The teen years are a time of enormous growth, both emotional and physical. The growing teen body needs nutrients and energy-rich foods to develop and function properly. Healthy diet habits established during the teen years can form the foundation for a healthful adult life.
Find and Maintain a Healthy Weight
Before commencing any diet plan, talk to your doctor about finding a weight that is healthy and comfortable for you. You might need to lose weight or put on additional pounds, but consult a professional before attempting to make this decision on your own.
Let the Pyramid Be Your Guide
To learn what to eat, examine the food guide pyramid for growing teens. Get plenty of whole grains, leafy vegetables and fresh fruits in your diet, and consume meat, dairy and sweets in moderation. The purpose of the pyramid is to emphasise the nutritional content some foods have compared with others; on this basis, it steers you toward healthful choices.
No one wants to eat the same thing over and over again. Incorporate a variety of healthful foods into your diet, and don't be afraid to try new things. Eating a variety also increases the chance that you are getting the diverse nutrients you need.
Educate on Eating Disorders
The majority of adults with eating disorders first exhibited symptoms during their teen years. People are more appearance-conscious in their teens than at any other time in their development, making them particularly susceptible to eating disorders such as anorexia nervosa and bulimia. Anorexia is characterised by a refusal to maintain a healthy body weight, and bulimics exhibit binge eating followed by purging. Teens should pay attention to the motivations behind what they eat and choose foods for health, not for weight.
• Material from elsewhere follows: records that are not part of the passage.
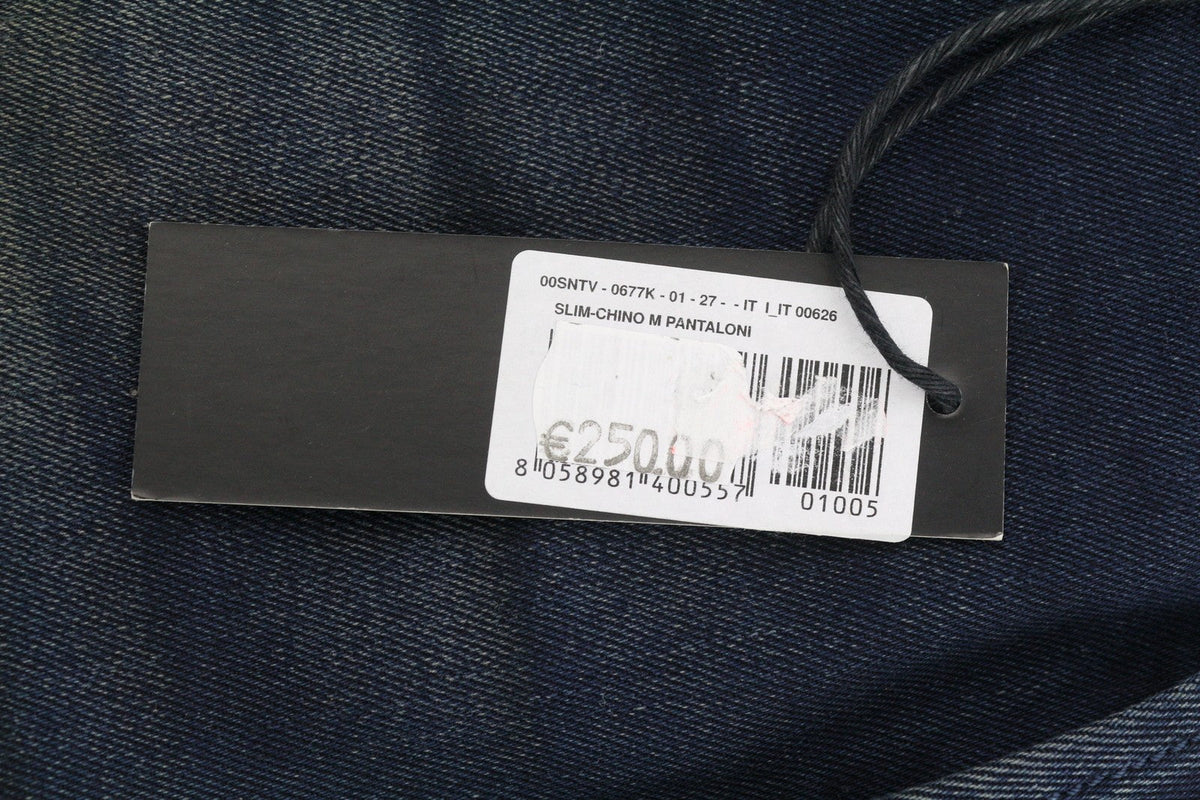 Jeansy Slim-chino 0677k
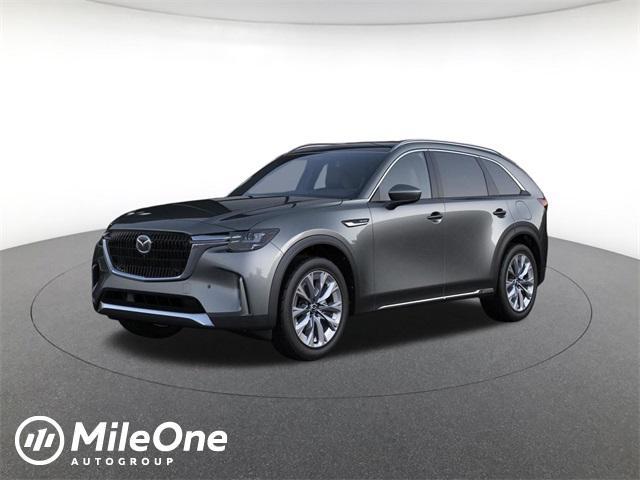 new 2026 Mazda CX-90 car, priced at $52,820
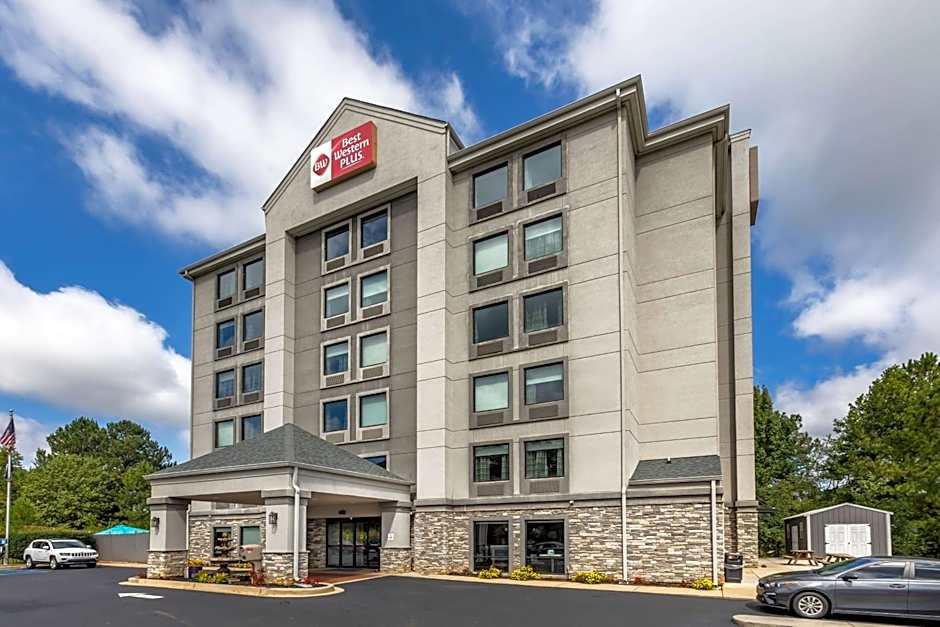 Best Western Plus Spartanburg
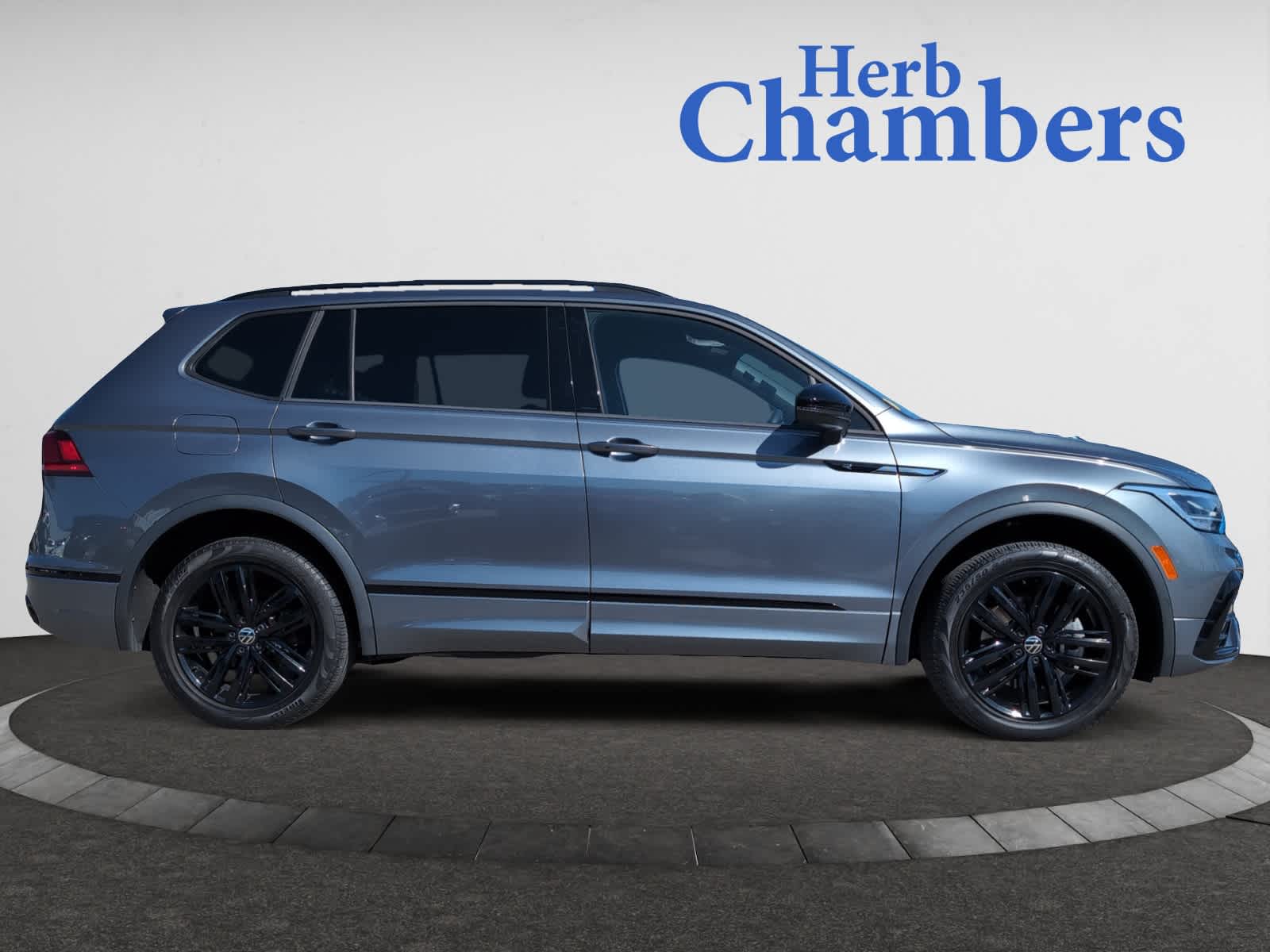 used 2022 Volkswagen Tiguan car, priced at $25,698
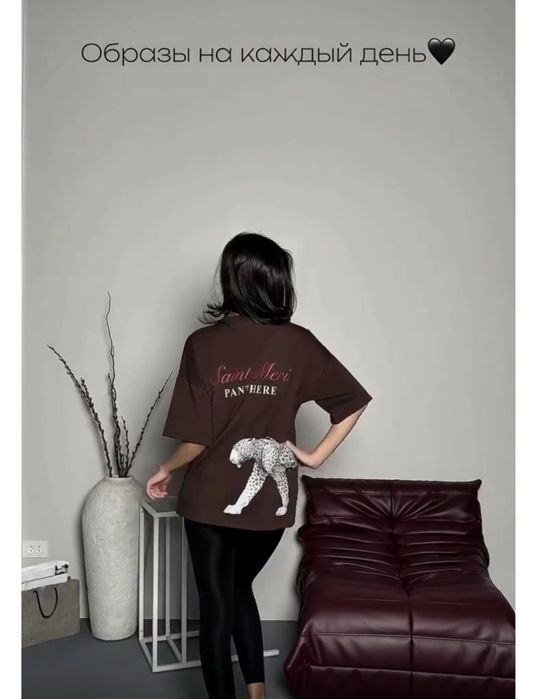 Футболки женский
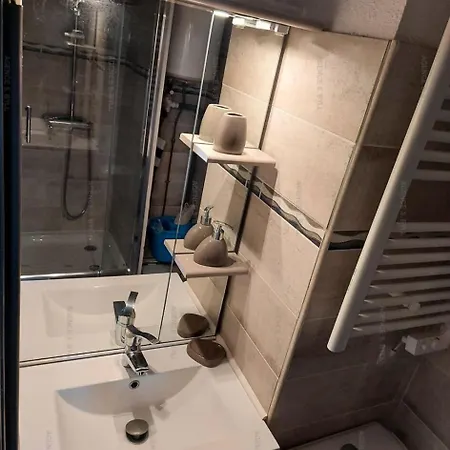 Apartamento Heliopolis Batiment Fgh - 2 Pers. Heliopolis Fgh Mae-5271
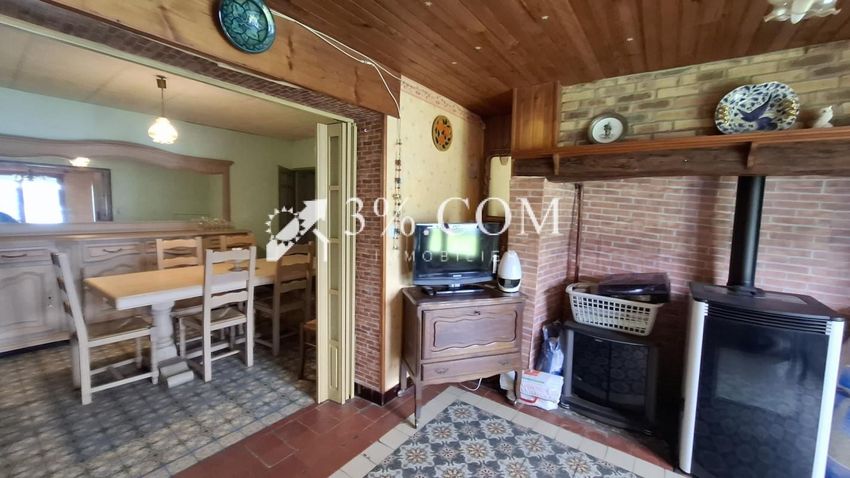 Image de  maison de village à Doudelainville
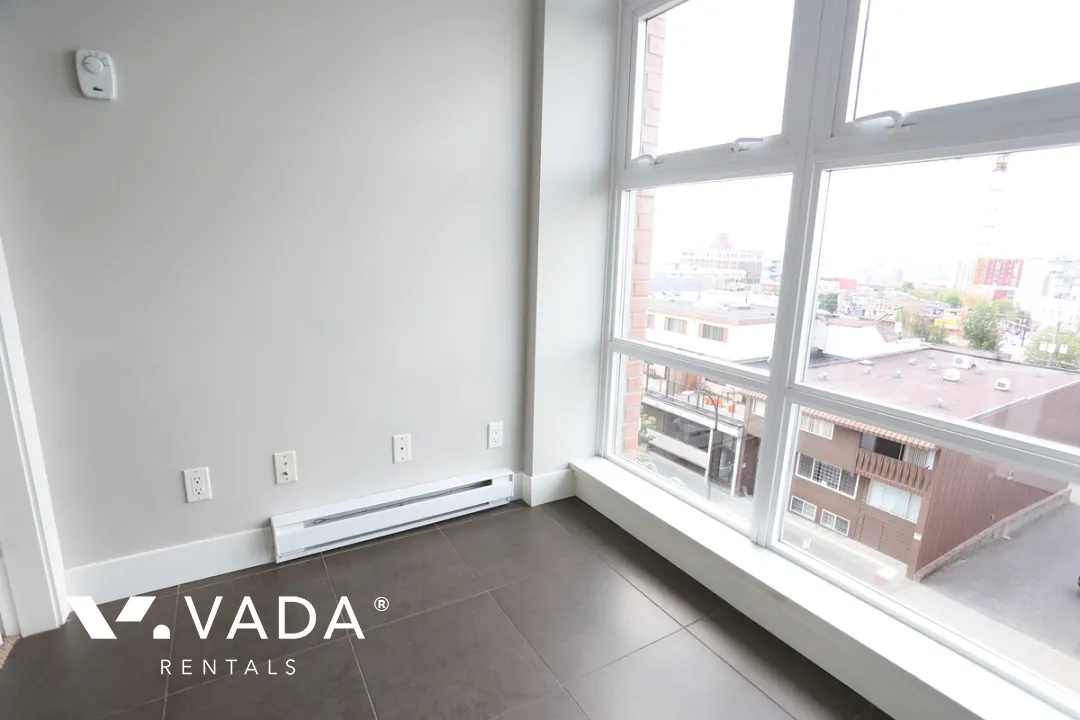 Sophia in Mount Pleasant East - 1 Bedroom Apartment For Rent in Vancouver at 506 - 298 East 11th Avenue, Vancouver, BC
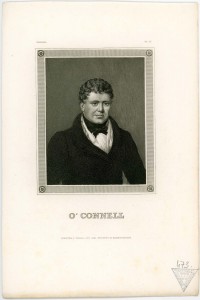 O`Connell portréja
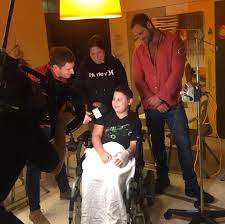 Good Morning From The Rch We Re Kicking The Royal Children S Hospital Melbourne Facebook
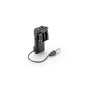 Tilta V-Mount baterijas plāksne Canon C400 kamerai ar USB-C PD ievadi un vairākiem izņemamiem izvadportiem, tostarp PD USB-C, P-Tap un 2 pinu savienotājiem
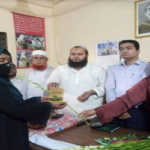 জিপিএ ৫ প্রাপ্তদের সম্মাননা দিল বিজয়নগর উপজেলা নাগরিক ফোরাম 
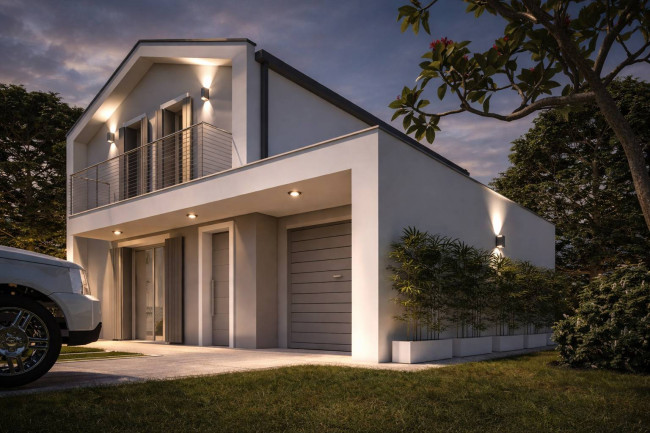 VILLA a Castello d'Argile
The word "diet" in our culture has come to signify a manner of eating designed to lose a large amount of weight in a short amount of time. Because of their faddish nature, diets do not work. The majority of people who lose weight on a diet end up gaining it back --- and then some. Diets have no place in a healthy teen diet. Focus instead on long-term, healthy changes in what you eat.
Be Smart About Alcohol
Even though the legal drinking age in all U.S. states is 21, almost 80 per cent of high school students have tried alcohol, reports the Kids Health website, citing the National Center on Addiction and Substance Abuse statistics. Teens who drink are more likely to experience weight gain and future health problems, such as liver, brain and heart damage.